Structure Name: IMAGE_SECTION_HEADER
Contents:
- IMAGE_BASE_RELOCATION structures.
- Relocation entries for specific addresses.
Characteristics:
- IMAGE_SCN_CNT_INITIALIZED_DATA: Contains initialized data.
- IMAGE_SCN_MEM_READ: Readable.
Key Fields in Section Header:
- Name: Typically ".reloc".
- VirtualSize: Size of the section in memory.
- PointerToRawData: Offset of the section's raw data in the file.
- Characteristics: Attributes for the section.

6.8. `.rsrc` (Resource Section)

Purpose: Stores application resources, such as icons, menus, dialogs, and strings.
Structure Name: IMAGE_SECTION_HEADER
Contents:
- Resource data in a hierarchical format.
Characteristics:
- IMAGE_SCN_CNT_INITIALIZED_DATA: Contains initialized data.
- IMAGE_SCN_MEM_READ: Readable.
Key Fields in Section Header:
- Name: Typically ".rsrc".
- VirtualSize: Size of the section in memory.
- PointerToRawData: Offset of the section's raw data in the file.
- Characteristics: Attributes for the section.

Summary Table

Header/Section	Structure Name	Size (Bytes)	Purpose
DOS Header	`IMAGE_DOS_HEADER`	64	Legacy; points to PE header.
PE Signature	Constant (`"PE\0\0"`)	4	Identifies the file as PE.
File Header	`IMAGE_FILE_HEADER`	20	File metadata.
Optional Header	`IMAGE_OPTIONAL_HEADER32`/ `IMAGE_OPTIONAL_HEADER64`	96 / 112	Detailed executable info.
Section Headers	`IMAGE_SECTION_HEADER`	40 per section	Describes file sections.
Data Directories	`IMAGE_DATA_DIRECTORY`	128	Points to tables like import/export.
Import Descriptor	`IMAGE_IMPORT_DESCRIPTOR`	20 per entry	Details about imported DLLs/functions.
Export Directory	`IMAGE_EXPORT_DIRECTORY`	40	Details about exported symbols.
Base Relocation Table	`IMAGE_BASE_RELOCATION`	Varies	Relocation info for memory mapping.
Resource Directory	`IMAGE_RESOURCE_DIRECTORY`	Varies	Resource data (icons, strings, etc.).
Debug Directory	`IMAGE_DEBUG_DIRECTORY`	28 per entry	Debugging info pointers.

Summary

The Portable Executable (PE) format is the backbone of Windows executable files, facilitating efficient interaction between applications and the Windows operating system.

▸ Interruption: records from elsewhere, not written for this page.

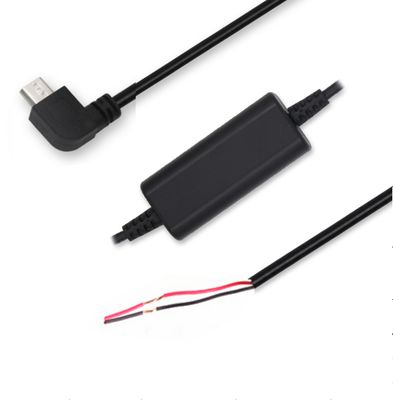Cable elevador USB hembra o Micro USB (ángulo recto) a pinza de cocodrilo / cable estañado / terminal, 5V a 9V/12V para bricolaje
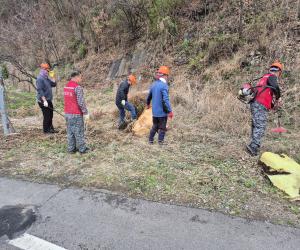 '산청군 생초면, 인화물질 제거 활동 실시'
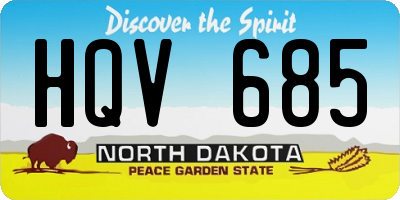 ND license plate HQV685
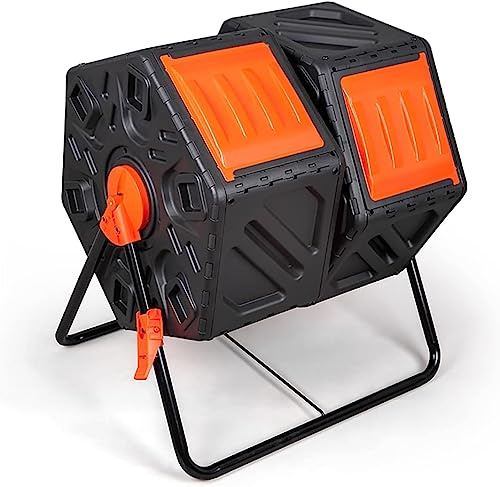 Bidoni per compostaggio, compostaggio da esterno, senza BPA, 120L/60L contenitore per compostaggio da giardino a camera singola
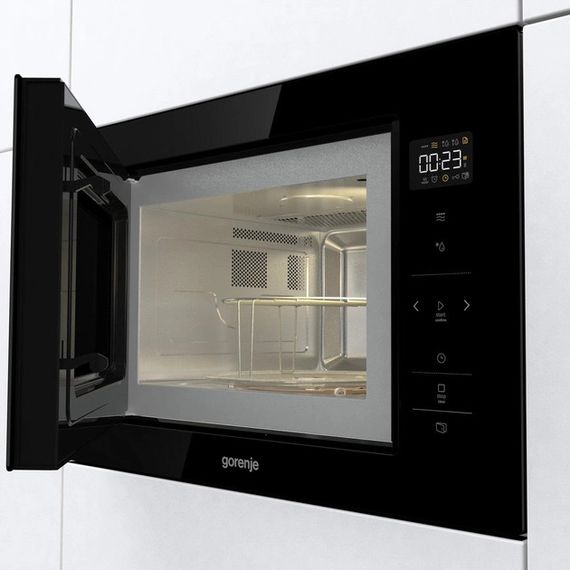 Встраиваемая микроволновая печь Gorenje BM251SG2BG 25 л черная | Зображення 6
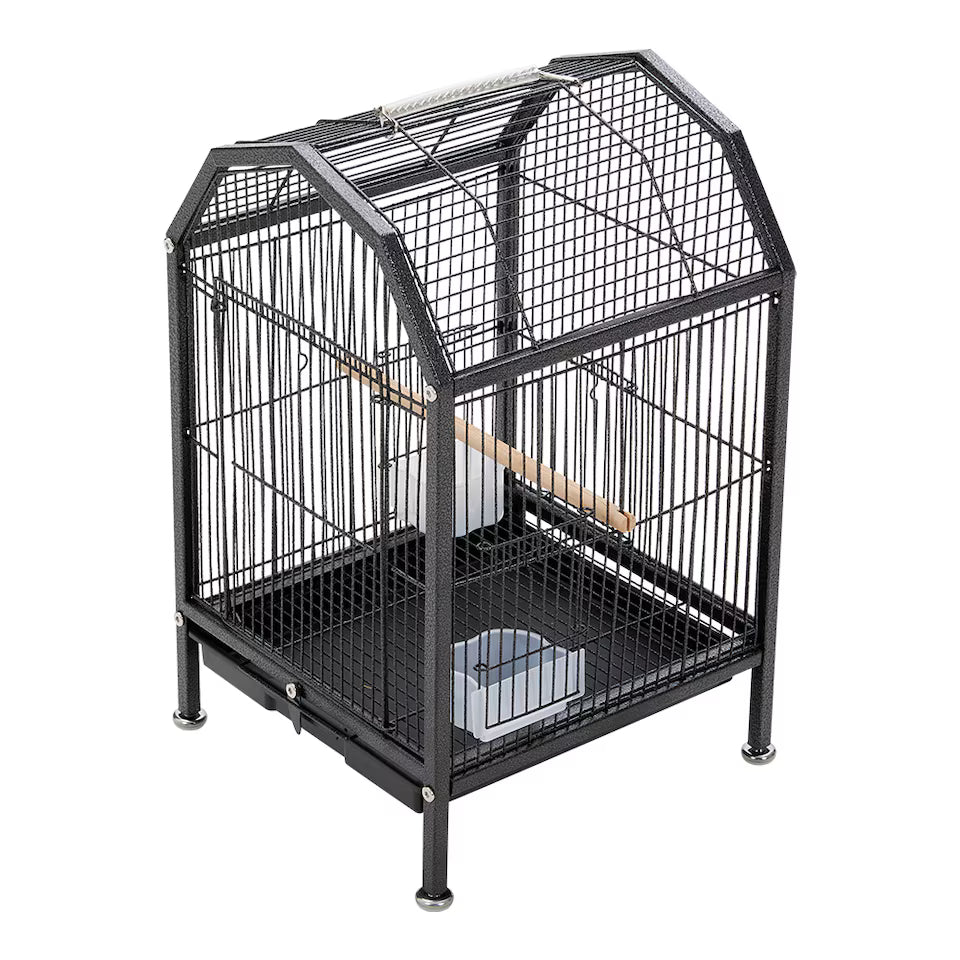 Fakhri Living and Home Portable Metal Pet Bird Cage 33x33x47cm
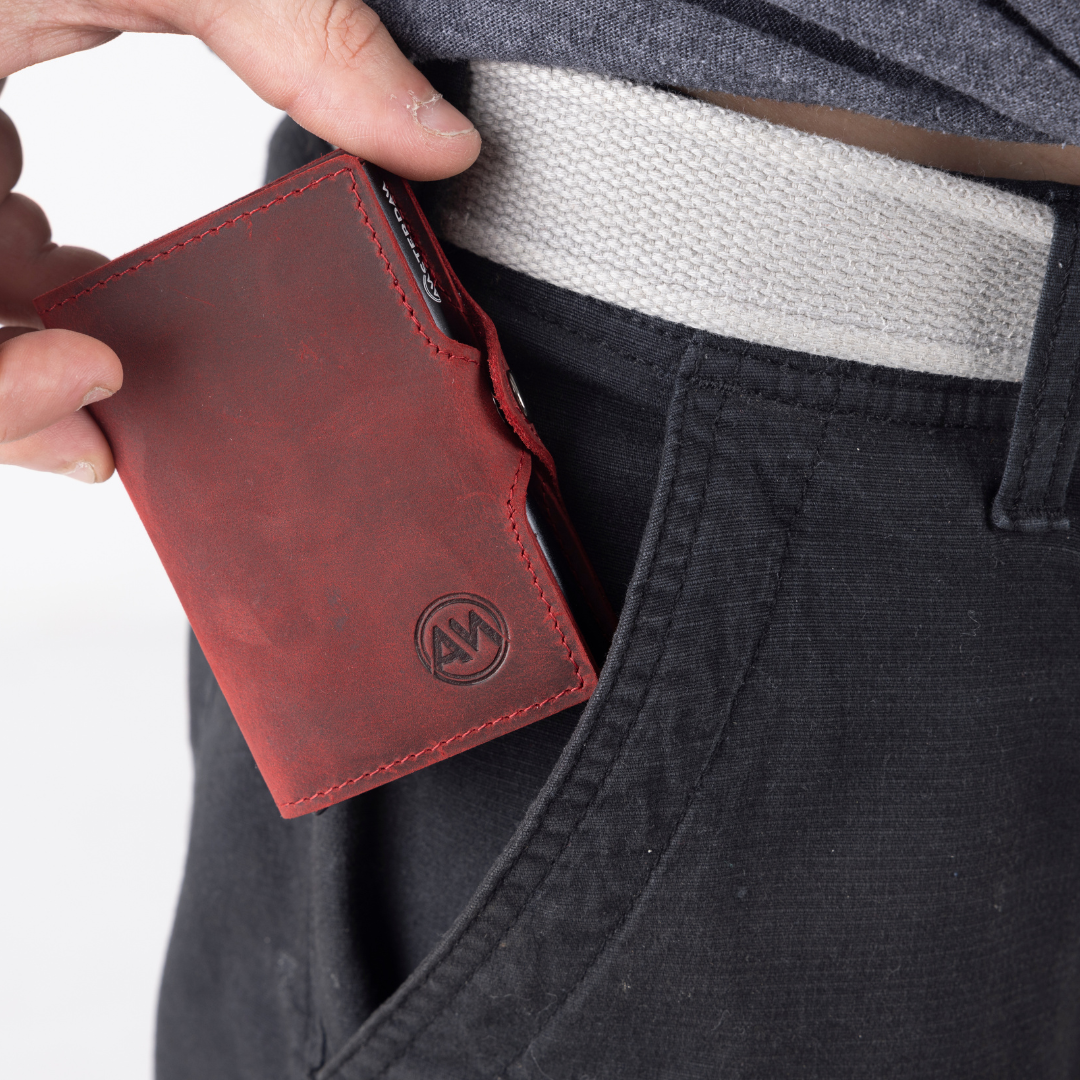 Billetera Tarjetero Bloqueo Rfid Anti Clonación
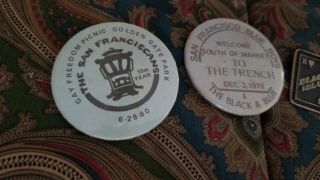Gay Freedom Picnic clubs events pins The San Franciscans Blue Boys RARE INTEREST 2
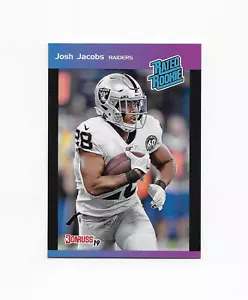 2019 NFL Panini Donruss RATED ROOKIE 7 Josh Jacobs RC Las Vegas NFL Raiders /280 - Picture 1 of 4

Understanding its components—such as PE headers, section headers, and data directories—is essential for anyone involved in PE file analysis. From the DOS Header to the Section, each section defines the structure and behavior of the file during runtime.

Whether you're a developer optimizing your code, a reverse engineer dissecting Windows binaries, or a cybersecurity professional investigating potential threats, mastering the PE format is key to navigating and manipulating Windows executables effectively. This guide provides a foundational understanding to help you advance your skills in binary analysis, PE file analysis, and system programming.